## Task directions
Could you print exactly the lines of the listing below, starting at the line that has "Photo - 162 Austin Ryan Dr" and ending at the line that has "Bệnh viện quốc", and only those lines?

## Available data
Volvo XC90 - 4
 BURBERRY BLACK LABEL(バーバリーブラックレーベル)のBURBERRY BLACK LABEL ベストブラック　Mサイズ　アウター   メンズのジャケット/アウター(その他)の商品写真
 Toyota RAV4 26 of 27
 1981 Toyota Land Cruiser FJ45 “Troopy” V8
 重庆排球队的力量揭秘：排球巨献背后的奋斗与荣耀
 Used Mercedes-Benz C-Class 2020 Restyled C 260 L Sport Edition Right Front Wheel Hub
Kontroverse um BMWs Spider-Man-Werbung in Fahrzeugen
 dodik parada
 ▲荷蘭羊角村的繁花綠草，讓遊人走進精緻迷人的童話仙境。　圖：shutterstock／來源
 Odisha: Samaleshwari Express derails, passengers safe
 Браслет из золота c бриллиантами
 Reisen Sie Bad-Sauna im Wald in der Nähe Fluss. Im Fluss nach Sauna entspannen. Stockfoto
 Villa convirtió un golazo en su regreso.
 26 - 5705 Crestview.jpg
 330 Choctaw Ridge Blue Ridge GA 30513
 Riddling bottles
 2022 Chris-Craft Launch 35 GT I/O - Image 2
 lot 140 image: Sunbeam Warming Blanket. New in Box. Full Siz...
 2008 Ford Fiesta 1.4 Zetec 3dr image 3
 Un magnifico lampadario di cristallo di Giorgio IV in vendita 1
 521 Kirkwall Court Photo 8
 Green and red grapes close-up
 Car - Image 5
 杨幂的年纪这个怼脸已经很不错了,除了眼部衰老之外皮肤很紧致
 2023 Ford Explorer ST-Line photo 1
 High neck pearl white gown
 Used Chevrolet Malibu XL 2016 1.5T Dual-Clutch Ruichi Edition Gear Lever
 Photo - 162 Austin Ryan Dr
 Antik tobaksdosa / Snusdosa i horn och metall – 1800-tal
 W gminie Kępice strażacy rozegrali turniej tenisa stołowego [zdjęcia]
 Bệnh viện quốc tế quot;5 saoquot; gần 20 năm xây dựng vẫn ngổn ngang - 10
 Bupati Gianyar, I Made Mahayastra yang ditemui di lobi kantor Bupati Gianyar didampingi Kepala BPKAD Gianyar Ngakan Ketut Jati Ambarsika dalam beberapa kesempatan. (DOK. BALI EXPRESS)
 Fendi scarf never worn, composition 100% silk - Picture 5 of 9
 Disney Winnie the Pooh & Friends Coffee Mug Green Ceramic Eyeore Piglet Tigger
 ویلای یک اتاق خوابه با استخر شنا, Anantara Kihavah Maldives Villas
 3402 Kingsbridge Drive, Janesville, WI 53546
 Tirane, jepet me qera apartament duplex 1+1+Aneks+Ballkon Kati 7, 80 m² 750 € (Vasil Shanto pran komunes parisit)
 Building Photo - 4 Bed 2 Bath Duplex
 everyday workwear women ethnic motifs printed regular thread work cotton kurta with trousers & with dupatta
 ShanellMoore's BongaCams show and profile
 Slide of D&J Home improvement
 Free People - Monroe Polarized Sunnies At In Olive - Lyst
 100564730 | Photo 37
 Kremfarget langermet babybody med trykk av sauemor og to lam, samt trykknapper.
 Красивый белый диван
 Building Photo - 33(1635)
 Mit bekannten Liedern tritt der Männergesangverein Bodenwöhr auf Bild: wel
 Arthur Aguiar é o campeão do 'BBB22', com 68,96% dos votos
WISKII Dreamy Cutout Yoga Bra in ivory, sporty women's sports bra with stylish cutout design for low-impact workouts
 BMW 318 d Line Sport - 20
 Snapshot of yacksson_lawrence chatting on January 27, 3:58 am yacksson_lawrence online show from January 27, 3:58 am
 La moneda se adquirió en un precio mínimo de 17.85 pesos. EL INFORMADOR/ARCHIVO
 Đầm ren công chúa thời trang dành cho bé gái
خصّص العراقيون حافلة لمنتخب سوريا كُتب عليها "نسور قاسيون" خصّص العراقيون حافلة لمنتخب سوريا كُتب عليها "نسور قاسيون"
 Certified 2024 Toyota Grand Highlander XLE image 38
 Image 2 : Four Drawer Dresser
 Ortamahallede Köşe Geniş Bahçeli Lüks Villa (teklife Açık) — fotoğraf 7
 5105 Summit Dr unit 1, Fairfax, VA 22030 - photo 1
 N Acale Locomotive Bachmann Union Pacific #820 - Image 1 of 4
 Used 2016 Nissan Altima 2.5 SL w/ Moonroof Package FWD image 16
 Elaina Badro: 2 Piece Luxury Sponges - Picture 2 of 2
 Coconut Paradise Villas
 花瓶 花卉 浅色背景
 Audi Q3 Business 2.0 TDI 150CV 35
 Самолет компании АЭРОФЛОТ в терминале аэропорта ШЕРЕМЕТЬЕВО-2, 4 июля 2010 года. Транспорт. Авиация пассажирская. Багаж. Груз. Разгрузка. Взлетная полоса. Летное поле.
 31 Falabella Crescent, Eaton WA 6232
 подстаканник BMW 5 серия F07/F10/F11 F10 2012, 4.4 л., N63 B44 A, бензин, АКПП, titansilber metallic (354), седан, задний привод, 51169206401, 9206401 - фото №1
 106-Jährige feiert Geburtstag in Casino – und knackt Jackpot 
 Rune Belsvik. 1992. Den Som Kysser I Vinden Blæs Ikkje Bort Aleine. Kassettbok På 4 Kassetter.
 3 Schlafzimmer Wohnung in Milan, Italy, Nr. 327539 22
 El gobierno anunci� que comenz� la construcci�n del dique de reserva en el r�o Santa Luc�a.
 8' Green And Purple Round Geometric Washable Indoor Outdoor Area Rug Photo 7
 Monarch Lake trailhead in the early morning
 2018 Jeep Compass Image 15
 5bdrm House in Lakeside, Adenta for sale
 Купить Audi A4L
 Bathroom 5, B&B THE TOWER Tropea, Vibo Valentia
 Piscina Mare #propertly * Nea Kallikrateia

## Result of this exercise
 Photo - 162 Austin Ryan Dr
 Antik tobaksdosa / Snusdosa i horn och metall – 1800-tal
 W gminie Kępice strażacy rozegrali turniej tenisa stołowego [zdjęcia]
 Bệnh viện quốc tế quot;5 saoquot; gần 20 năm xây dựng vẫn ngổn ngang - 10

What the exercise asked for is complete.